The problem:
Type out the lines below exactly, pictures excluded.

Source material:
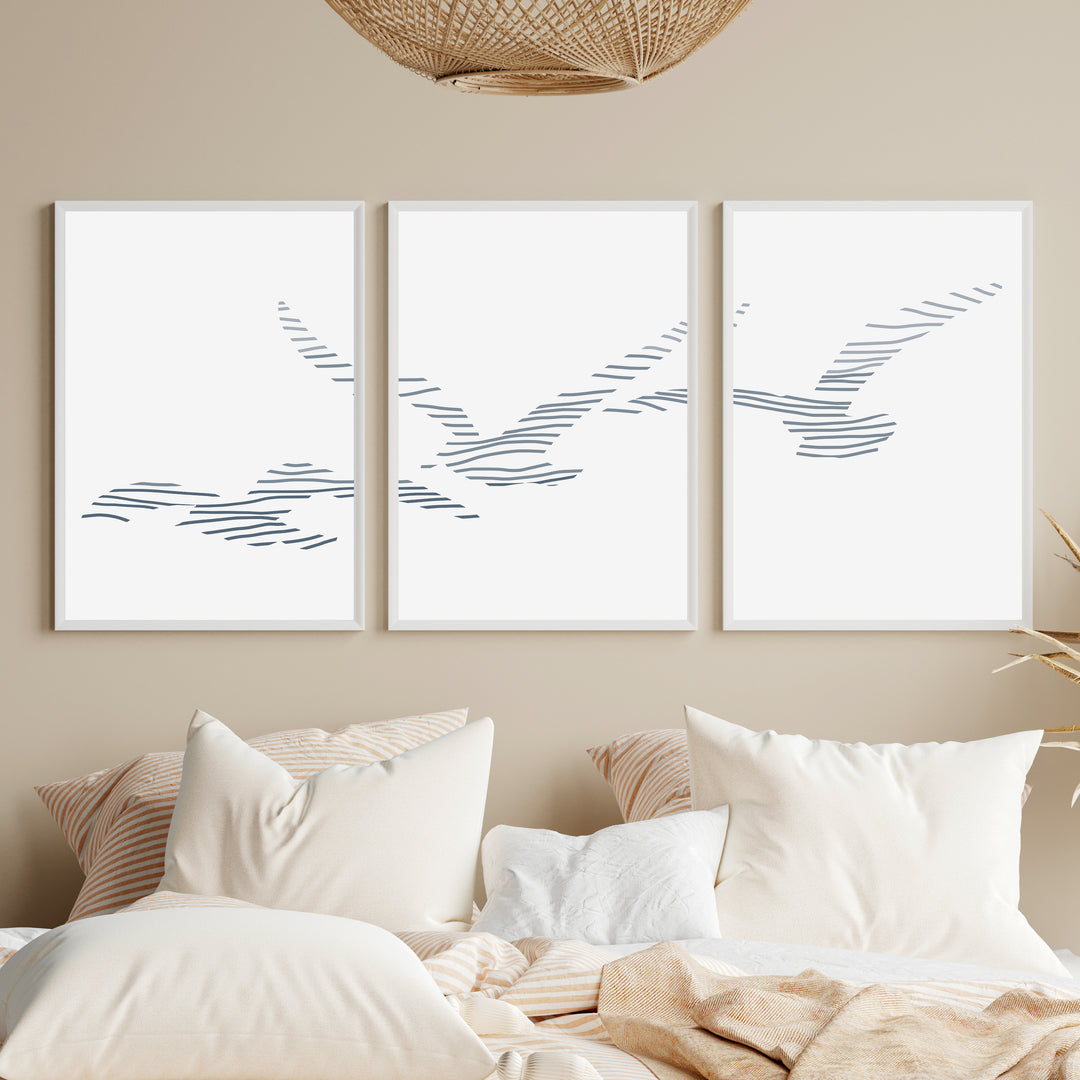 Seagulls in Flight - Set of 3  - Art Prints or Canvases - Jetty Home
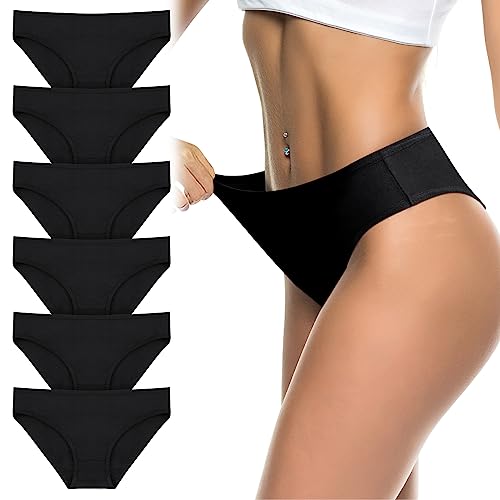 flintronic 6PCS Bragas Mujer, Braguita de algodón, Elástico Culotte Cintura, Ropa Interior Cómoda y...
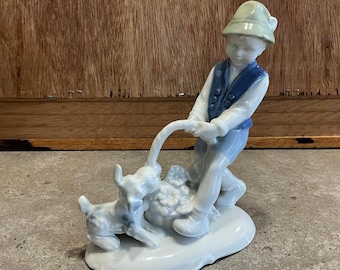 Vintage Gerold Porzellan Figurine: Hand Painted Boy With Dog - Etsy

Written answer:
 Seagulls in Flight - Set of 3  - Art Prints or Canvases - Jetty Home
 flintronic 6PCS Bragas Mujer, Braguita de algodón, Elástico Culotte Cintura, Ropa Interior Cómoda y...
 Vintage Gerold Porzellan Figurine: Hand Painted Boy With Dog - Etsy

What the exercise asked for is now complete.